Pernyataan senada dilontarkan Prof. Ningrum Natasya Sirait, Guru Besar Fakultas Hukum USU Medan. ”Pembuktian fixed pricing (kartel) sebagai pelanggaran terhadap Pasal 5 itu tidak gampang, karena ini adalah kejatahan paling ekstrem dalam persaingan usaha. Sehingga, kalau benar-benar terbukti, tidak ada pembenaran ataupun pembelaan yang dapat dilakukan,” ujarnya.
Namun, Ningrum menegaskan, bukti-bukti yang disertakan KPPU dalam menetapkan putusannya sangat lemah dan dinilainya tidak fair. ”Secara kelimuan pun tidak dapat diterima. KPPU seharusnya mendasarkan tuntutannya pada alat-alat bukti yang sah. Tetapi, KPPU hanya membuktikannya dengan melakukan uji statistik dengan data yang tidak lengkap dan didasarkan pada asumsi KPPU sendiri,” paparnya.
Terlebih, lanjutnya, terkait penetapan denda dan ganti rugi sekaligus kepada perusahaan penerbangan tertuduh. ”Pengenaan ganti rugi itu kan ada syarat, dan harus ada yang menutut. Tetapi perkara inisiatif seperti ini, apa bisa dibenarkan? Sementara KPPU sendiri dalam pedoman yang dibuatnya sendiri menegaskan bahwa perkara inisiatif tidak dikenakan ganti rugi. Ganti rugi haruslah didasarkan pada tuntutan. Sementara dalam kasus ini, siapa yang menutut ganti rugi? KPPU seringkali tidak konsisten terhadap aturannya sendiri,” ungkap Ningrum.
Baik Ningrum maupun Erman, menyatakan sepakat dengan dissenting opinion dari salah satu anggota majelis KPPU, Tri Anggraini, yang menyatakan bahwa ganti rugi yang sifatnya aktual hanya dapat diberikan kepada pihak lain yang dirugikan, di mana pihak lain yang dirugikan dimaksud bukanlah “negara”, sebagaimana tertuang dalam amar putusan KPPU, butir 15.
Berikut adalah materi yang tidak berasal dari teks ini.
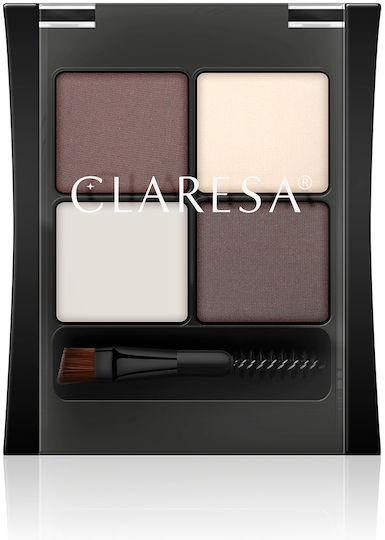 Claresa Pimp My Brow Παλέτα Μακιγιάζ Φρυδιών 02 Deep Brown 4gr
Sementara Prof. Ine Minara S. Ruky, Guru Besar Fakultas Ekonomi UI mengatakan,, dari sisi analisis ekonomi, dalam pembuktian kasus kartel, justifikasi bisnis dan ekonomi perlu diberikan. Namun, hasil analisis ekonomi bukan merupakan satu-satunya pertimbangan. ”Dalam kasus kartel, bukti langsung yang menunjukkan adanya kartel tetap diperlukan,” ungkapnya. Dia juga mengatakan, penegak hukum persaingan usaha tidak sama dengan penegak hukum seperti polisi, jaksa, dan hakim yang menangani perkara pidana atau perdata. ”Walaupun dalam menjalankan fungsinya, para komisioner menjalankan tugas dan fungsi sebagai penyidik, penuntut dan pengambil keputusan,” pungkasnya. (DIP)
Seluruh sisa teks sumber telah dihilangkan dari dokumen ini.